Add a few hundred CDs and a few hundred records, plus another 500+ books and I am dangerously close to being eligible for one of those shows where the camera crew finds a dead cat under a pile of clothes that have been sitting there for eight years. Or the big overdue California earthquake will hit and everything on the wall to wall, floor to ceiling shelves in my bedroom at my parents house will fall on me and crush me to death. Last Christmas, or the one before that, I was gifted a Kindle which could conceivably probably hold PDFs of every single book I own with room to spare. Which begs the question, why books? They take up so much room and nobody I ever meet will care that I have all 50 books in Ed McBain's 87th Precinct series or five copies of The Big Sleep next to every other Raymond Chandler novel. All it means is that I'll have to box up a few hundred books that I'll never read again and keep the boxes of VHS tapes out of the sun in the back of a truck next time I move so they don't melt. I love each and every one of them but I don't know if they still have a place in my life, or at least in my room. If I had regal, mint, leatherbound copies of the classics, that would be one thing, but I just have 15 Jack Reacher novels in hardback. Not exactly collectors items.

What I'm wondering is if it's all still worth it. Lately, I've been getting rid of some stuff and it's been hard, very hard! It's like having to get rid of some of your children and sell them to Rhino Records for money to buy groceries with. I love having every Stanley Kubrick movie available on hand but mostly because I have had them all since before I could just find them online in 30 seconds. And if my VCR ever takes a shit on me, I will be out of luck because I have no idea where I would take a VCR to get repaired. Maybe I should just leave the collections of obsolete entertainment to libraries. Between every library in San Bernardino and Los Angeles counties, I can find almost every book or film I want and there are still one or two video stores out there to fill in the gaps in my cinematic knowledge. The Blockbuster Video up the street has all the Star Wars movies just waiting to be watched one day. I don't need to save one square foot of shelf space for six movies I don't really even want to watch, do I?

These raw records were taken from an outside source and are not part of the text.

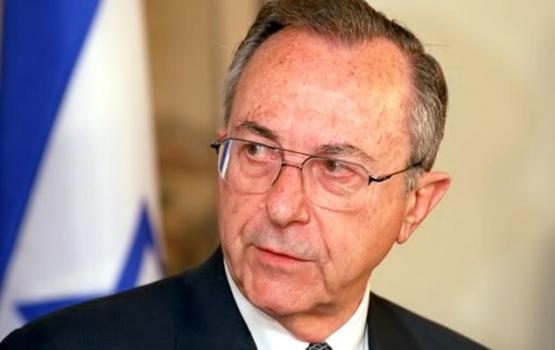 وزير الجيش السابق: الخيار الوحيد أمامنا الاستجابة لمطالب المقاومة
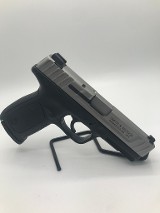 SMITH & WESSON SD40 VE .40 S&W - Image 9 of 12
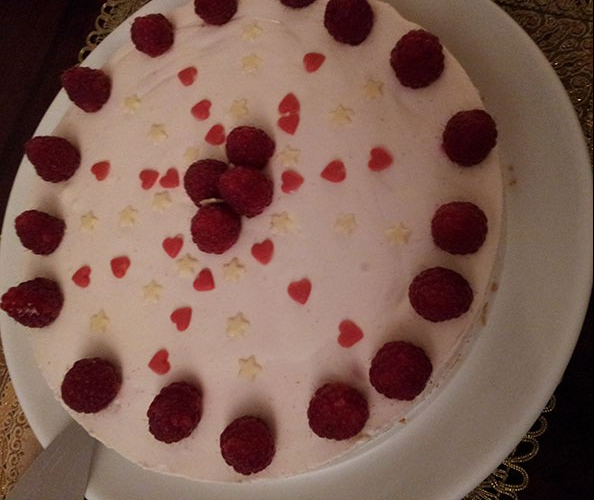 Bringebærostekake med pynt Ingredienser: Bunn: 225 g Kjeks (Digestive e.l.) 115 g Smør (smeltet) Ostekrem: 1 pk Bringebærgele (bruk halvparten av vannet som er oppgitt) Litt frosne bringebær, blåbær eller bjørnebær 1 bx Kremfløte 1bx Rømme 1bx Philadelphiaost el. 1 ts Vaniljesukker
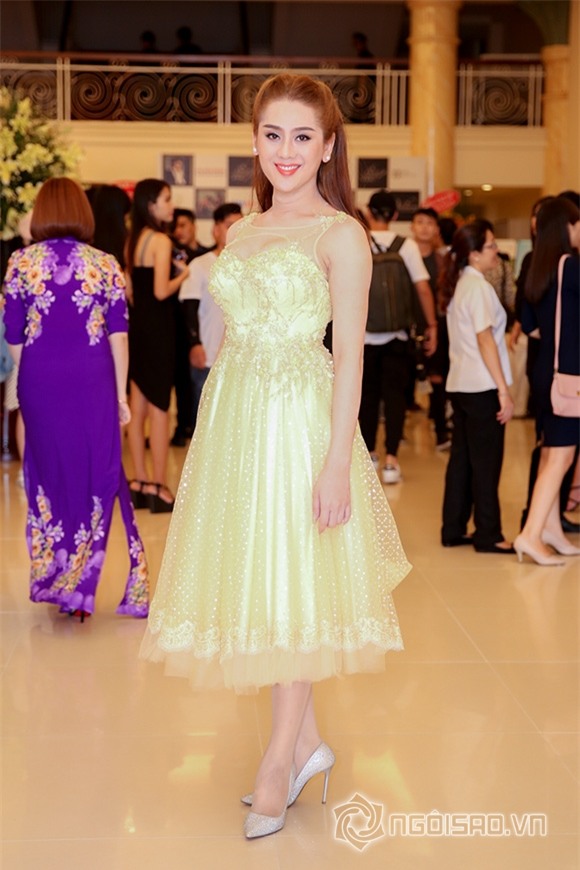 Lâm Chi Khanh thừa nhận mình đã dao kéo mũi  5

However, as previously noted, I am about 10 years behind the technology curve which makes the thought of listening to music through Pandora or that other one instead of my trusty old iPod that is the first version that they made in color a scary thought. Having two big boxes of CDs in my closet as backup is comforting. I don't like the fact that people now just go to YouTube on their iPhone if they want to hear a song. I know it's easier, faster and more convenient but... actually I really don't have an argument against that. I just know that it doesn't work for me and I don't know why. Actually, I do know why and it's because I can't get on the internet (or "the web" as I affectionately call it) on my phone. But I do know I don't have the desire to watch a feature length movie on a phone screen. I don't even really even like watching stuff on a laptop screen but, hey, you gotta have something to do at work, right? I don't know why I am holding on so stubbornly to these outdated methods of consumption. Comfort? For old times sake? The fear of technology? I probably should have been born 50 or 60 years earlier so that when the internet was invented, I could've just said, "You know what, fuck it, it's not worth figuring all that out at my age."

1 comment:

  1. I liked the "Pandora or other one" line. I was wondering about my collection of VHS tapes as well the other day. I currently do mot own a VCR in any form nor have I in years and yet we still have all these tapes gathering dust. Books are immune to this kind of obsolescence by their very self-contained nature. Do libraries even accept tapes anymore? You could go to the swap meet and sell em off to housewives and children.